Carlie Geer, a Greenwich native born in 1957, won a Silver medal in rowing in the 1984 Olympics in Los Angeles.
British skater Charlene von Saher, who spent most of her life in Greenwich, represented Great Britain in the 1994 Winter Olympics.
Peter Leone was a member of the US Horse Show Jumping Team that won the Silver medal at the 1996 Olympics in Atlanta.
Courtenay Becker-Day won a Bronze medal at the 1996 Summer Olympics in sailing.

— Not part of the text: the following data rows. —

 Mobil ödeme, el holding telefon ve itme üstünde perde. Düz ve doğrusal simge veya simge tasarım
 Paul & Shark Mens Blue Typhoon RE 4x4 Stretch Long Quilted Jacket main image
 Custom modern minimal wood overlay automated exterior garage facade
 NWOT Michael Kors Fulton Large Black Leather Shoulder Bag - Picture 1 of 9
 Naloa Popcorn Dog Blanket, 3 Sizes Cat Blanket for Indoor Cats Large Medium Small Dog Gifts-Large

Greenwich resident Tricia Byrnes participated in the 1998 and 2002 Olympic snowboarding competition at Nagano, Japan, and Salt Lake City.One of the better-know athletes,
Sue Merz, born here on April 10, 1972, competed in the 1998 Olympics in women's ice hockey, and won a Gold Medal. She returned to the 2002 Olympics and won the Silver.
Stacey Blume competed in freestyle skiing at the 1998 Winter Olympics in Nagano, Japan.

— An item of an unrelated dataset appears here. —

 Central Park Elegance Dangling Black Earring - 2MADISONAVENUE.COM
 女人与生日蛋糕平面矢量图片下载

Greenwich-native Helen Resor (b. October 18,1985) was a member of the Women's Ice Hockey team, which won a Silver medal in 2006.
Tyler and Cameron Winklevoss competed in rowing during the 2008 Olympics in Bejing, China. The twins attended Harvard, where they developed a social networking website similar to Facebook.
This year, 2014, Kevin Shattenkirk, who was born in Greenwich in 1985, is competing with the Men's Ice Hockey team in Sochi, Russia. Hopefully, he and his Team will put in a good showing and bring home the Gold!
LINDA AND HEATHER WHITE HOLDING THE 1984 OLYMPIC TORCH.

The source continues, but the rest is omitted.